[Short web captions]
= Beginning of Section =

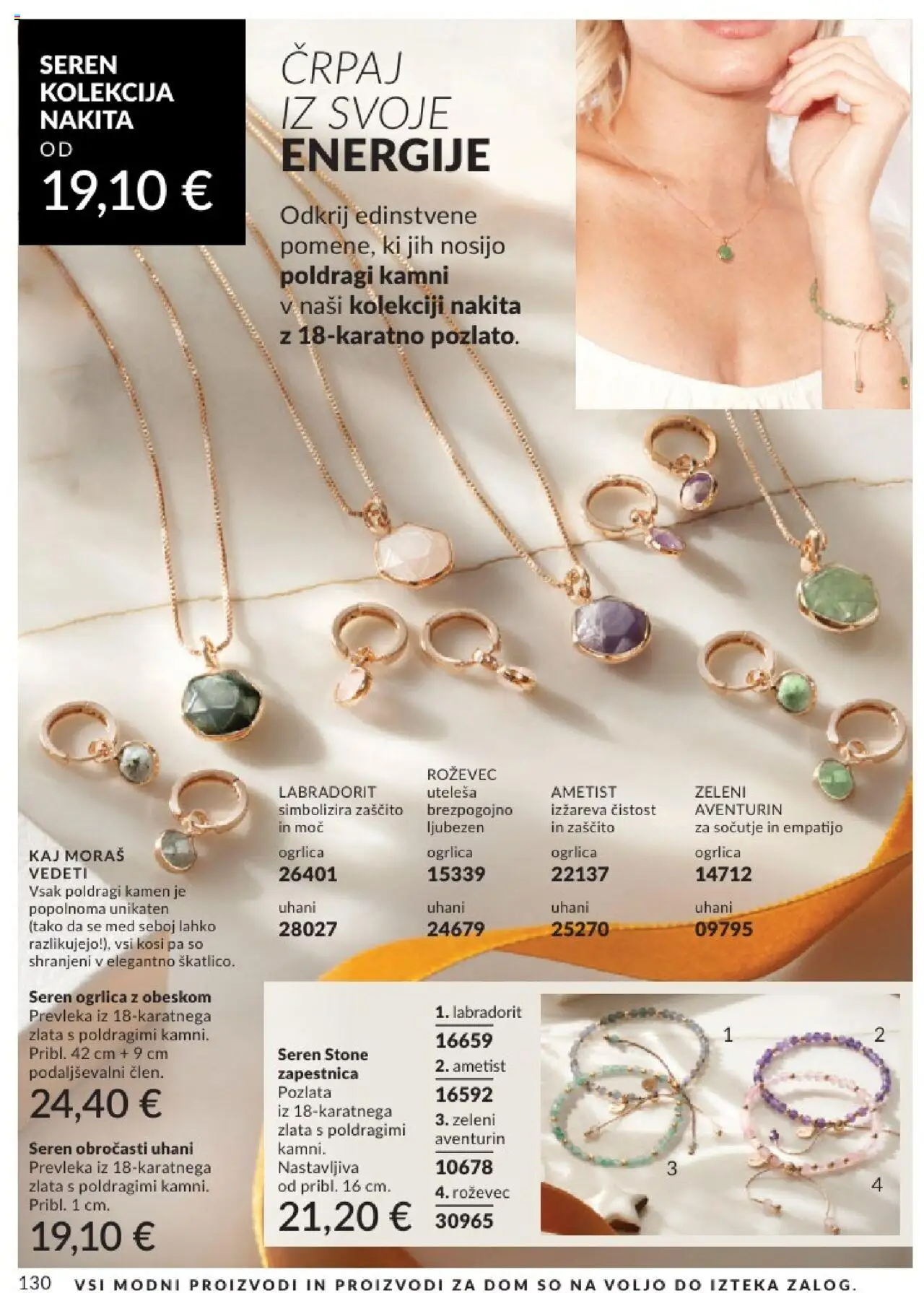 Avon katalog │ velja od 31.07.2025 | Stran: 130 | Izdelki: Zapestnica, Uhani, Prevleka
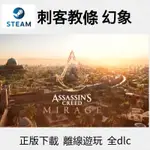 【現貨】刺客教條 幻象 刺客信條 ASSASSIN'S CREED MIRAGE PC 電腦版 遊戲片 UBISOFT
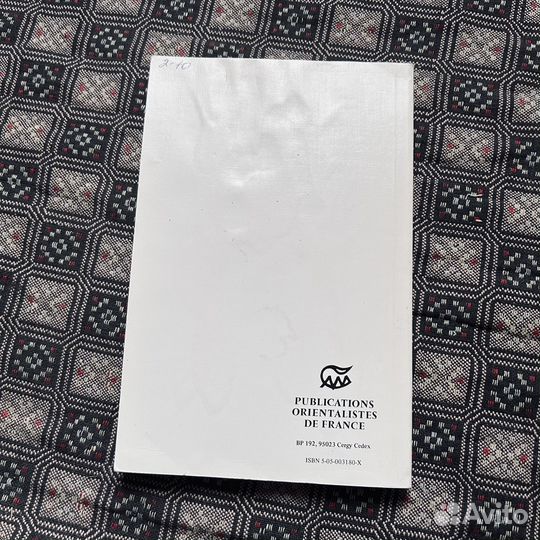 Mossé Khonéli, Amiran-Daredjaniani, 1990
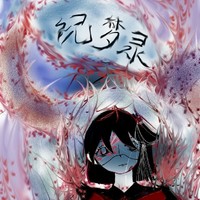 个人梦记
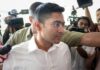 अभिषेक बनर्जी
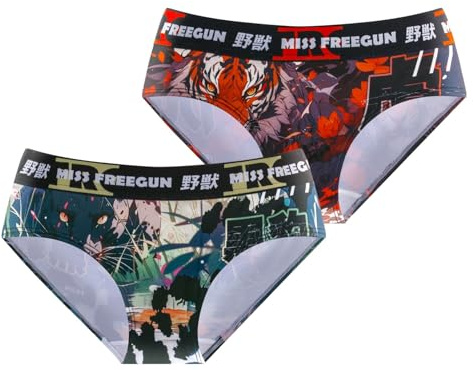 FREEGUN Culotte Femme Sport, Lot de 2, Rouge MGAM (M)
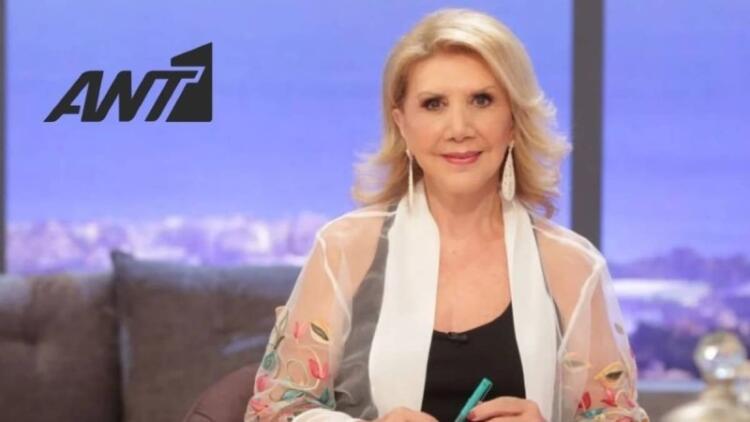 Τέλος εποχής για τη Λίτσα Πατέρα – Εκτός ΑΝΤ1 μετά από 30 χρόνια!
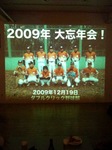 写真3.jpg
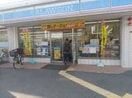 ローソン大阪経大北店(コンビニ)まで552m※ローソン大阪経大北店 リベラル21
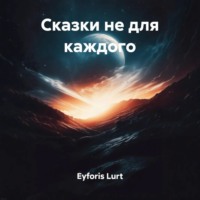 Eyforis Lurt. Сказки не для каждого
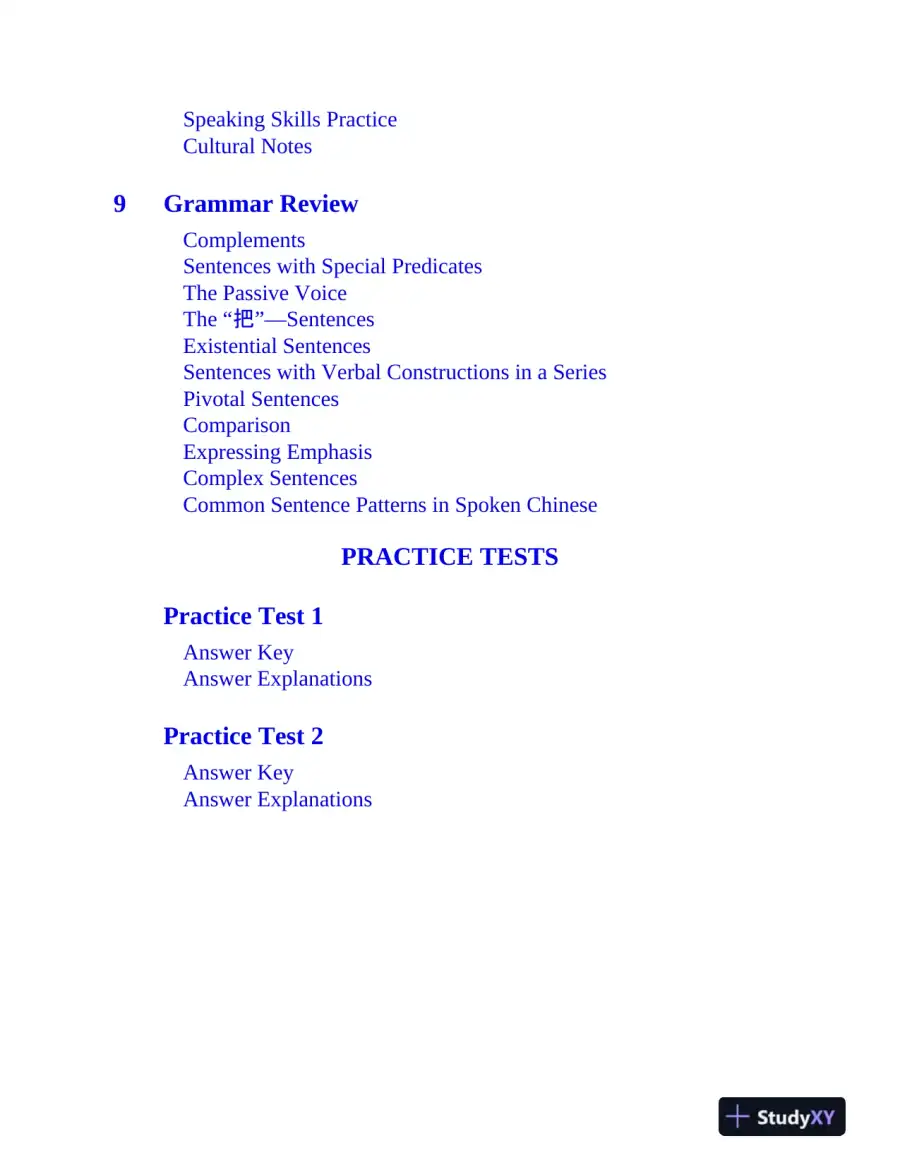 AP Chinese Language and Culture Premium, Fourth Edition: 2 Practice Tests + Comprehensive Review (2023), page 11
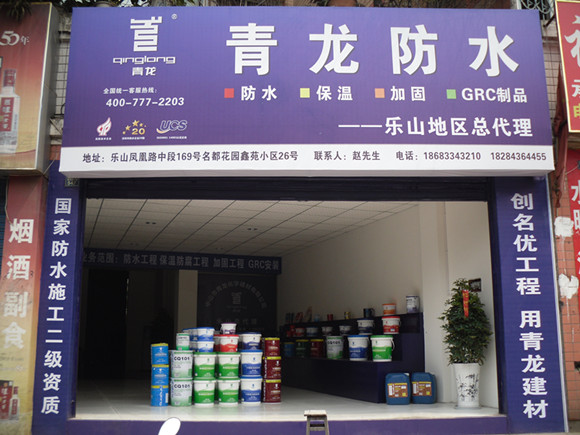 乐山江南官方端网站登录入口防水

= End of Section =

◆ What you will do: In the entries above, find the line containing "अभिषेक बनर्जी"; transcribe exactly that line and every line after it through the end, and only those, omitting pictures.

◆ Your response:
 अभिषेक बनर्जी
 FREEGUN Culotte Femme Sport, Lot de 2, Rouge MGAM (M)
 Τέλος εποχής για τη Λίτσα Πατέρα – Εκτός ΑΝΤ1 μετά από 30 χρόνια!
 写真3.jpg
 ローソン大阪経大北店(コンビニ)まで552m※ローソン大阪経大北店 リベラル21
 Eyforis Lurt. Сказки не для каждого
 AP Chinese Language and Culture Premium, Fourth Edition: 2 Practice Tests + Comprehensive Review (2023), page 11
 乐山江南官方端网站登录入口防水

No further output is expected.